Electric charge balance mechanism of extended soluble proteins

Abstract

Extended proteins such as calmodulin and troponin C have two globular terminal domains linked by a central region that is exposed to water and often acts as a function-regulating element. The mechanisms that stabilize the tertiary structure of extended proteins appear to differ greatly from those of globular proteins. Identifying such differences in physical properties of amino acid sequences between extended proteins and globular proteins can provide clues useful for identification of extended proteins from complete genomes including orphan sequences. In the present study, we examined the structure and amino acid sequence of extended proteins. We found that extended proteins have a large net electric charge, high charge density, and an even balance of charge between the terminal domains, indicating that electrostatic interaction is a dominant factor in stabilization of extended proteins. Additionally, the central domain exposed to water contained many amphiphilic residues. Extended proteins can be identified from these physical properties of the tertiary structure, which can be deduced from the amino acid sequence. Analysis of physical properties of amino acid sequences can provide clues to the mechanism of protein folding. Also, structural changes in extended proteins may be caused by formation of molecular complexes. Long-range effects of electrostatic interactions also appear to play important roles in structural changes of extended proteins.

Figure 1.

(A) Schematic model of dumbbell-type (extended) protein; W_NN=W_CC=1. (B) Dispersion diagram of W_CC vs. W_NN for selection of dumbbell-type proteins based on the criterion W_NN=W_CC=1.

Figure 2.

(A) Distribution of net charge, from single structural data in PDB. (B) Distribution of charge density. (C) Charge balance of N- and C-terminal halves.

Figure 3.

(A) Relative amino acid propensity of termini and central region of central helices of 11 extended proteins normalized by propensity in globular domains.

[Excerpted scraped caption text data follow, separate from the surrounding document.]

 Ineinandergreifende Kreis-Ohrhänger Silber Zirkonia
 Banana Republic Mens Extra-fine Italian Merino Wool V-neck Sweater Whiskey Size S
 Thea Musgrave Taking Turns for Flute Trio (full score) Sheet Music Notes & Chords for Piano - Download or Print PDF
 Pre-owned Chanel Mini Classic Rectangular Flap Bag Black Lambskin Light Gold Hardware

If a value of relative propensity was greater than unity in a region, correspondent residues appeared frequently in that region. Helix termini were defined as the eight residues shown in Fig. 3B (two shaded regions). The remaining region of the helix was designated the central region. (B) Example of hydropathy and amphiphilicity plot of calmodulin (1OSA). The average value of every seven residues in each sequence was plotted as a function of sequence number. Solid line indicates hydrophobicity, using the K-D index (Kyte and Doolittle 1982). Dotted line indicates amphiphilicity, using the index developed by Mitaku et al. (2002). Amphiphilicity index: K, 3.67; R, 2.45; H, 1.45; E, 1.27; Q, 1.25.

Figure 4.

SOSUIdumbbell Web site: http://bp.nuap.nagoya-u.ac.jp/sosui/sosuidumbbell/dumbbell_submit.html. This Web site can be used to determine whether a query sequence is an extended protein. If the query sequence is predicted to be an extended protein, the results page shows the central helical component exposed to water.

Figure 5.

Two possible structures of extended proteins in bound state. The unbound extended protein molecule forms a stable extended structure with electrostatic repulsion between the terminal domains (middle left). When the extended protein binds to a globular molecule, interaction between the terminals of the extended protein weakens, causing it to collapse (bottom left). When the extended protein binds to an extended molecule, it remains in an extended structure (bottom right).